Fenomena makin rumitnya persoalan ekonomi ditunjukkan oleh
beberapa indikator ekonomi. Pergerakan Indeks Harga Saham Gabungan (IHSG)
antara 30 Maret 2000 hingga 8 Maret 2001 menunjukkan growth trend yang
negatif. Dalam perkataan lain, selama
periode tersebut IHSG merosot hingga lebih dari 300 poin yang disebabkan oleh
lebih besarnya kegiatan penjualan daripada kegiatan pembelian dalam perdagangan
saham di dalam negeri. Hal ini mencerminkan semakin tidak percayanya pelaku
bisnis dan masyarakat terhadap prospek perekonomian Indonesia, paling tidak
untuk periode jangka pendek.
Indikator kedua yang menggambarkan rendahnya kepercayaan
pelaku bisnis dan masyarakat terhadap pemerintah reformasi adalah pergerakan
nilai tukar rupiah terhadap dolar AS.
Pada awal tahun 2000 kurs rupiah sekitar Rp7.000,- per dolar AS dan pada
tanggal 9 Maret 2001 tercatat sebagai hari bersejarah sebagai awal kejatuhan
rupiah, menembus level Rp10.000,- per dolar AS. Untuk menahan penurunan lebih
lanjut, Bank Indonesia secara agresif terus melakukan intervensi pasar dengan
melepas puluhan juta dolar AS per hari melalui bank-bank pemerintah. Namun,
pada tanggal 12 Maret 2001, ketika Istana Presiden dikepung para demonstran
yang menuntut Presiden Gus Dur mundur, nilai tukar rupiah semakin merosot.
Pada bulan April 2001 nilai tukar rupiah terhadap dolar AS
sempat menyentuh Rp12.000,- per dolar AS. Inilah rekor kurs rupiah terendah
sejak Abdurrahman Wahid terpilih sebagai Presiden Republik Indonesia.
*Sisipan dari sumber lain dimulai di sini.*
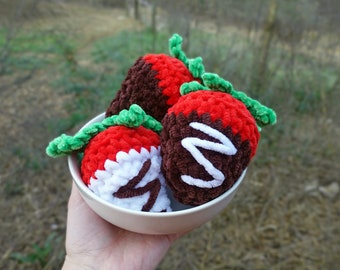 MOTIF AU CROCHET - Amigurumi fraise en peluche recouvert de chocolat pour la Saint-Valentin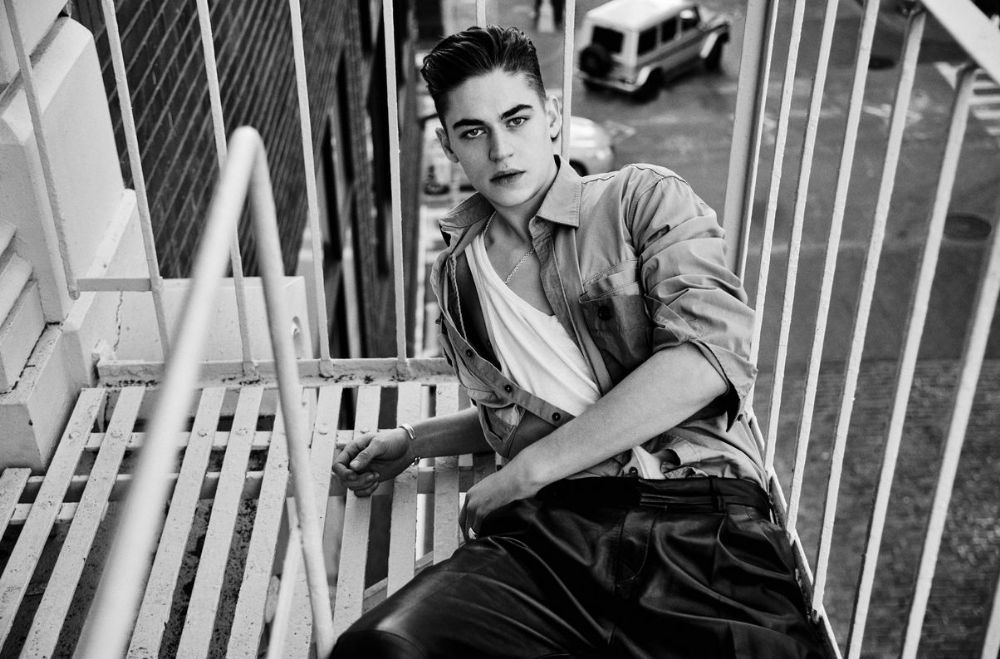 Hero_Fiennes-Tiffin_banner_img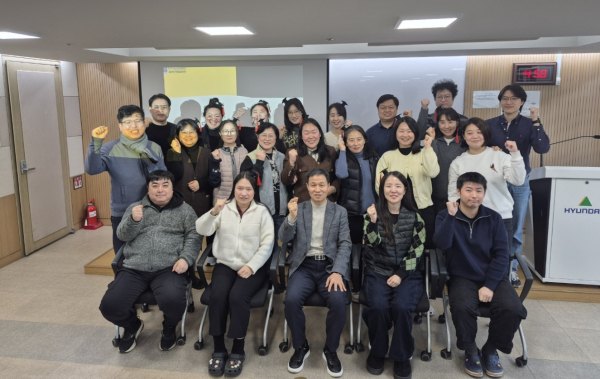 ‘과정평가형 직업상담사 1급 자격 취득과정’ 교육생 단체 사진.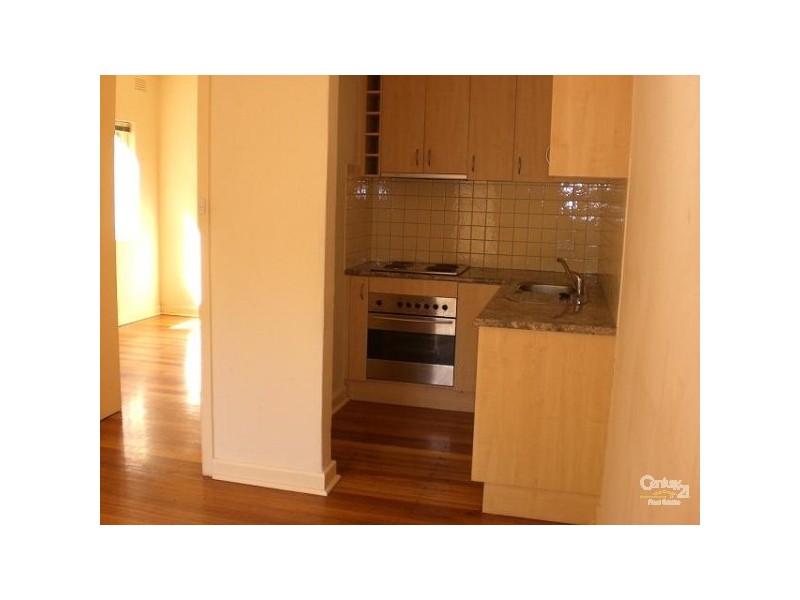 8/50 Lillimur Road, Ormond VIC 3204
Lemah dan tidak stabilnya nilai tukar rupiah tersebut sangat
berdampak negatif terhadap roda perekonomian nasional yang bisa menghambat
usaha pemulihan, bahkan bisa membawa Indonesia ke krisis kedua yang dampaknya
terhadap ekonomi, sosial, dan politik akan jauh lebih besar daripada krisis
pertama. Dampak negatif ini terutama karena dua hal. Pertama, perekonomian
Indonesia masih sangat tergantung pada impor, baik untuk barang-barang modal
dan pembantu, komponen dan bahan baku, maupun barang-barang konsumsi.
kedua,utang luar negeri (ULN) Indonesia dalam nilai dolar AS, baik dari sektor
swasta maupun pemerintah, sangat besar.
Indikator-indikator lainnya adalah angka inflasi yang
diprediksi dapat menembus dua digit dan cadangan devisa yang pada minggu
terakhir Maret 2000 menurun dari 29 milyar dolar AS menjadi 28,875 dolar AS.
3)
Masa Kepemimpinan Megawati
Soekarno Putri (23 Juli 2001-20 Oktober 2004)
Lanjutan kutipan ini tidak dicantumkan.